His tenure at the station ran from January 1960 to January 1961. Close observers of local history will note the significance of the year 1960. On Sept. 10 that year, Hurricane Donna, still the most destructive storm ever to impact Southwest Florida, tore ashore, crossing the Florida Keys and making landfall out of the Gulf of Mexico for maximum devastation.

Remarkably, the tracking site survived relatively unscathed, said Gilmore, although “we had to chop our way along the road” removing numerous downed trees to reach the site after the storm. The mobile home where Randy and his wife Hattie were staying in East Naples was waist deep in water from the storm surge. They weren’t there, though – they rode out Donna at an employee’s house in Naples.

Now 87, Gilmore spent his career with Vitro Corp of America, after serving in the U.S. Army as a radio interceptor in the Army security agency, a forerunner of the National Security Agency. He was in on the dawn of the computer era, working on massive mainframe machines.

“There’s a picture I’ll send you of me at the console of a Univac computer. It was 26-ft. wide and 60 ft. long,” he said, and it wouldn’t have had more than a fraction of the computing power of a typical iPhone today.

Vitro Services had the operation and maintenance contract for a series of radar-based missile tracking stations up and down the Florida coastline. According to Marco Island’s unofficial historian and local attorney Craig Woodward, they tracked the performance of missiles such as the Matador, GAM-72, Quail, GAM-77 (known as the “Hound Dog”).

The site included a radar building with one fixed and two mobile radar antennas, a telemetry building, a weather building, a microwave building, a maintenance building, and a tower that was later moved to Indian Hill to provide elevated views of the island.

The missile tracking site was likely responsible for regular electric power reaching Marco Island, said Woodward.

On December 1, 1957 the Air Force formed the Air Proving Ground Center at Eglin Air Force Base in the panhandle and created the “Eglin Gulf Test Range” which included Marco Island’s radar checking the missiles as they traveled down the west coast of the peninsula. After the Cuban revolution, the site was also repurposed to monitor the possibility of ballistic missiles carrying warheads heading up from Cuba.

“The story is that in October of 1962 as part of the Cuba missile crisis, Khrushchev agreed to remove the Cuba missiles in turn for closing the Missile Tracking Station on Marco and (also) some military establishments in Turkey,” said Woodward.

The island the engineers came to was barely inhabited. Like everyone else, they had to access it by the State Road 92 swing bridge, years before the Jolley Bridge was constructed and before what is now the Stan Gober Memorial Bridge replaced the old wooden structure near Goodland.

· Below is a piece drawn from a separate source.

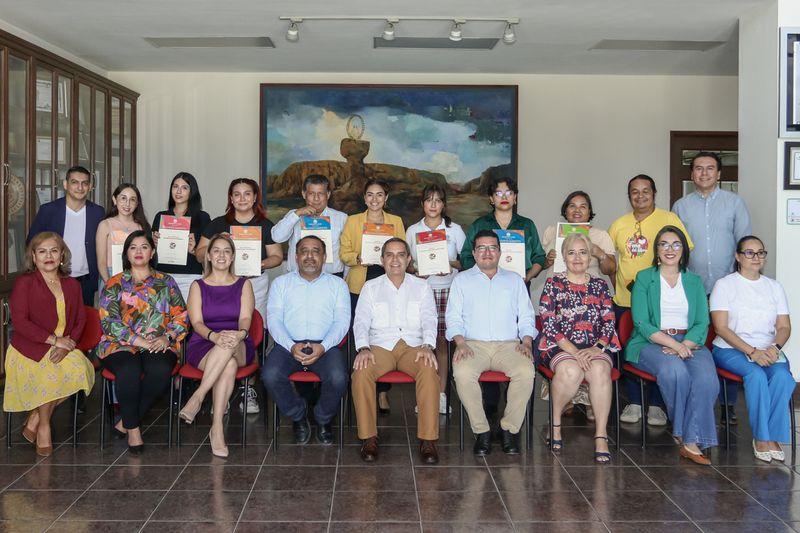 En este momento estás viendo Premia UdeC a ganadores de concursos de escritura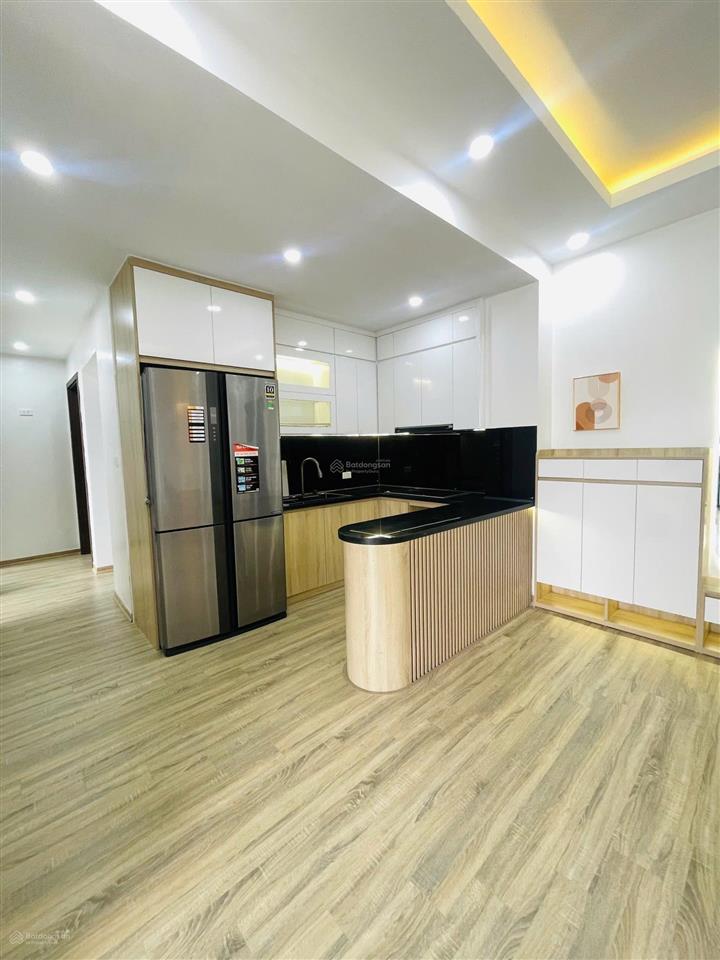 Chuyển công tác chính chủ bán 3 ngủ full nội thất đẹp chung cư nơ 5 bán đảo linh đàm giá 5.9x tỷ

While agriculture flourished briefly at the beginning of the last century, it was long gone by that point.

 

 

Marco Island was still largely wild, with mangrove estuaries and sandy pine uplands, where homes and condominiums stand today, said Curtis Bostwick, born on Marco Island, in 1938, and just unexpectedly deceased a month ago.

“There used to be a lot of agriculture on Marco,” said Bostwick, “with two clam canneries operating and a pineapple farming operation. But the clams disappeared, and after 1910, the railroad came through and pineapples from Cuba flooded the market.”

The access road to the radar site was later used as a landing strip when development began, with the “buy and fly” programs that brought prospective homeowners here, and the land itself was used as a concrete plant casting seawall sections, and the most scenic construction staging area imaginable.

“Back then, it was just gopher tortoise holes and rattlesnakes,” said Gilmore. Not a single condo stood along the beach. And while just about everyone who has lived in this area for a long time has “if only” stories of the vast profits they missed out on by not buying land for a song, Gilmore said that was never a consideration, or even an option, for him.

“The Collier companies owned the entire island,” he said (although property owned by the family of Capt. Bill Collier – no relation – remained unobtainable). The Collier interests did try, unsuccessfully, to sell their entire holdings to the State of Florida as a nature preserve for $1 million, but the state balked at the price.

This is ironic. The Mackle Brothers later sold the missile tracking site for $14.9 million in 1980, when they had to raise cash to reimburse lot buyers whose land had been declared undevelopable by the federal government. Now the condominiums of Cape Marco which rose on the site carry multi-million dollar price tags for one unit.

One piece of unexploded ordinance that flew by the station, said Woodward, is on display at the Smallwood Store, and can be viewed just by driving down to Chokoloskee. Fishermen used to be out in the Gulf and see missile parts splash down in the water.

“How crazy is that? You’re fishing, and a missile flies by,” he said.